Madonna Enthroned with Child, St. John and St. Catherine
The painting is a picture of late Renaissance taste and it is based on a very complex and rich composition, in which the Virgin and Child are depicted offering St. Catherine of Alexandria the palm of martyrdom. On the left there is St. John the Baptist covered with the fleece and on the side the venerating figure of a Capuchin friar.
The Virgin, crowned with flowers by an angel, stands under a canopy in an open room on the slope of a valley where there is a church. The painting was recovered in Ancona by Archbishop Ragnini and belonged to the 2nd Church of St. Catherine of Alexandria, located on Capuchin Hill, abandoned in 1861.
The author of the painting is unknown, but we are able to reconstruct its history and iconography thanks to its images, provenance and to the figure of St. Catherine from Alexandria who shows both Baroque and in some ways also Pomarancio's influences, as well as to Mario Pirani's description of it in his book "The Churches of Ancona."
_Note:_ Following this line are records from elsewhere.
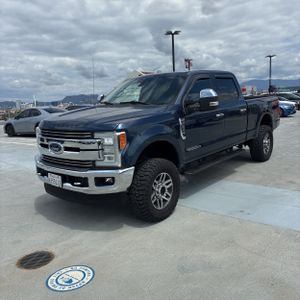 FORD F-350 LARIAT - 1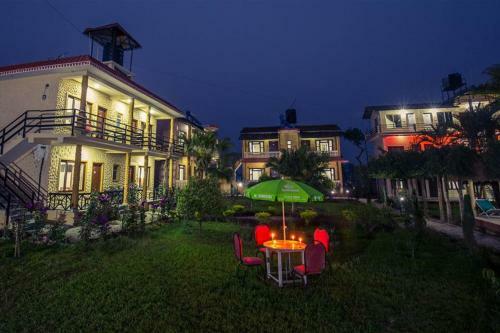 Hotel Royal Tiger Safari Resort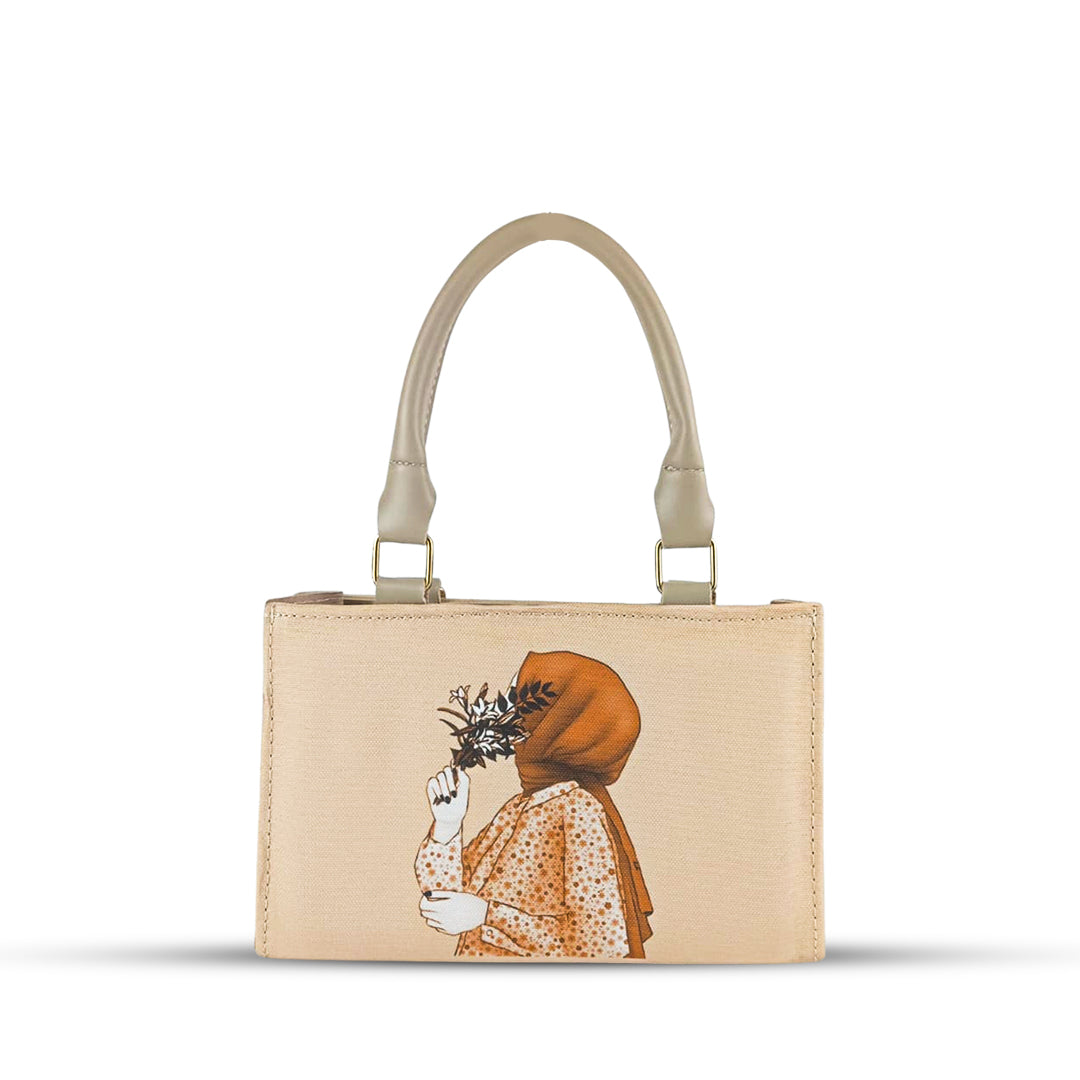 Mini Shein Beige Shoulder bag - Bag X
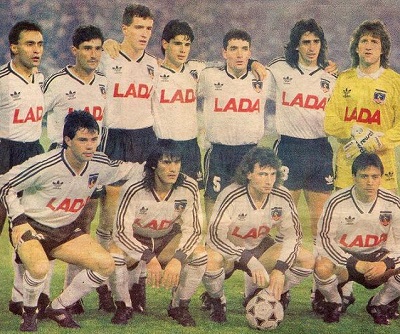Efeméride del día: Colo Colo inicia en el sur su camino hacia la obtención de la Copa Libertadores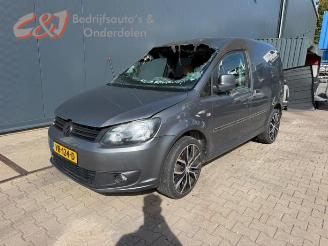 demontáž osobní automobily Volkswagen Caddy Caddy III (2KA,2KH,2CA,2CH), Van, 2004 / 2015 1.6 TDI 16V 2013/1
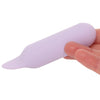 Tawni Silicone Flickering Bullet Vibe in Lavender Vibrators > Bullet and Egg Vibrators - Tophatter Daily Deals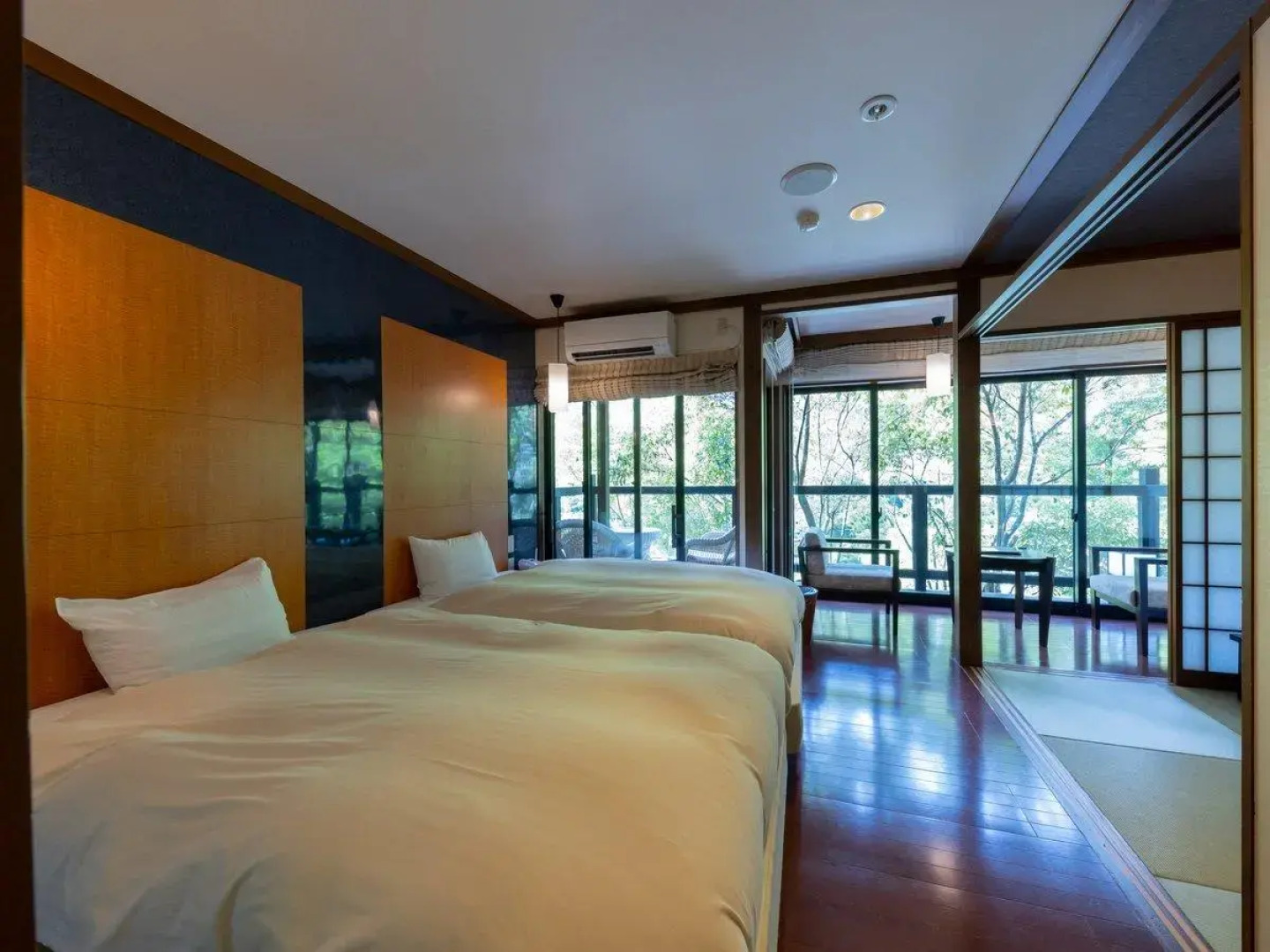 Takedao Onsen Koyokan Bettei Azale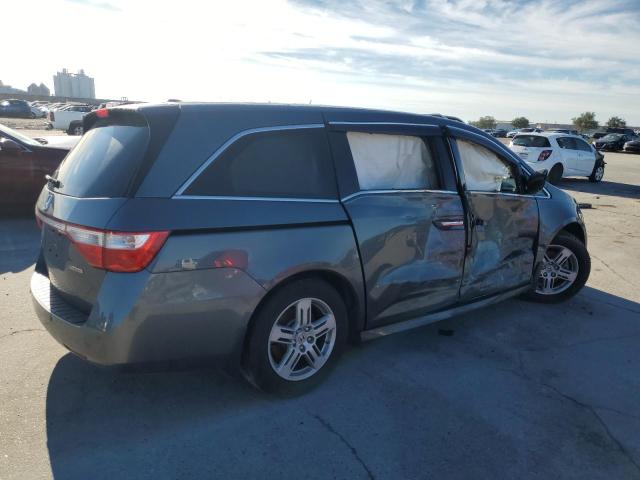 Photo 3 from auction – 2012 HONDA ODYSSEY TO with VIN 5FNRL5H93CB014432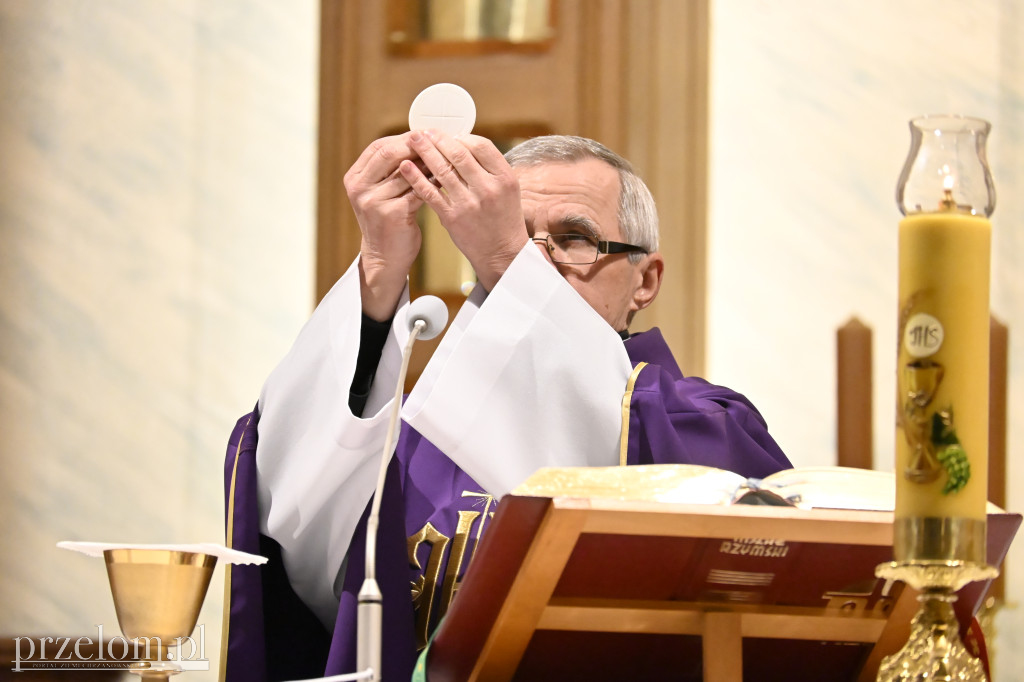 Środa Popielcowa w Trzebini-Sierszy - 18.02.2026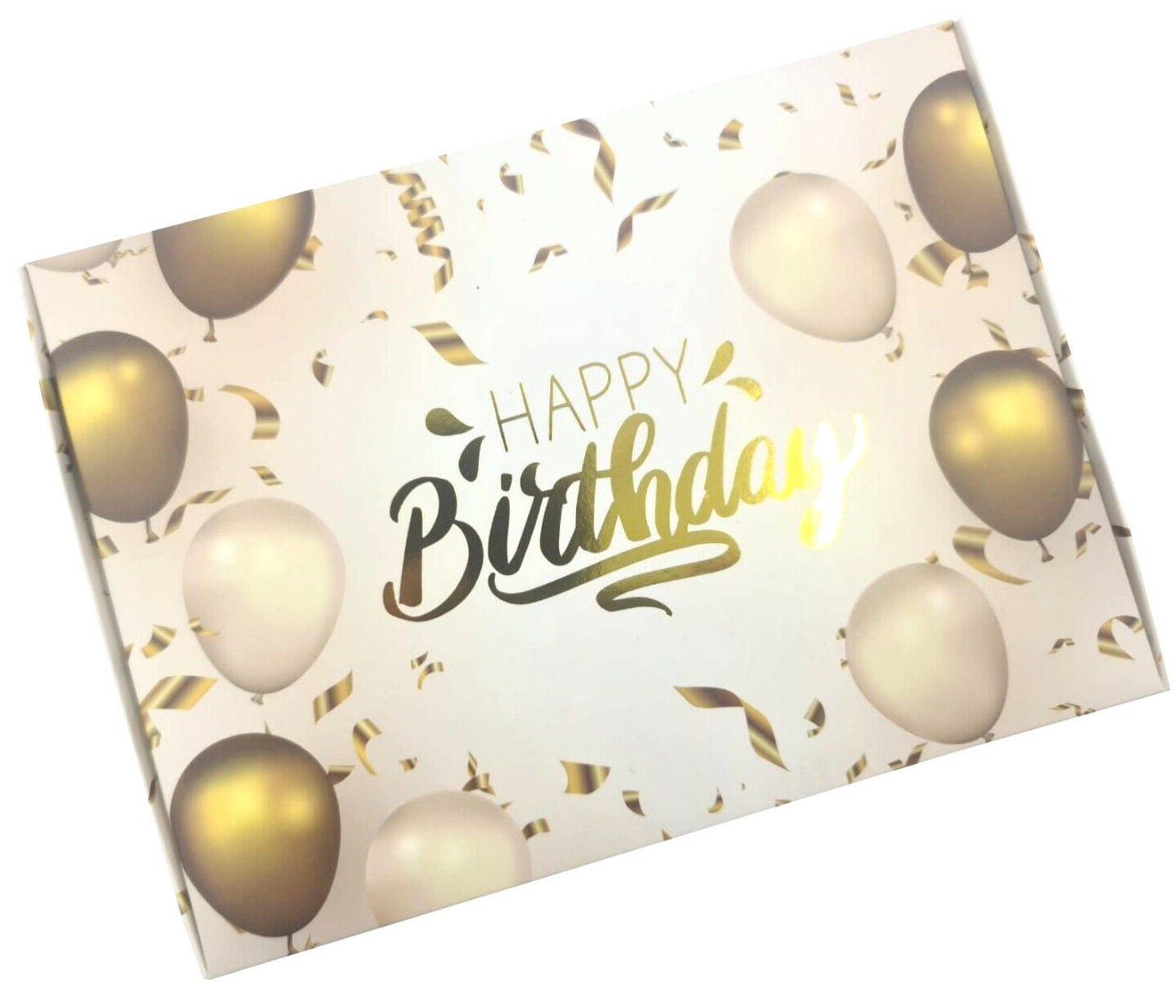 Cadbury Chocolate Birthday Gift Box: Freddo, Twirl, Fudge & More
The landscape corresponds exactly to the church described by Pirani, but also the characters, otherwise unknown, match. In fact St. John the Baptist was highly venerated by eastern hermits who sheltered in Ancona and began its cult after the persecution of Leo III Isauricus, whereas the Franciscan depicted may be a prior of the Capuchins who repeatedly made the church restored between the 16th and 18th centuries.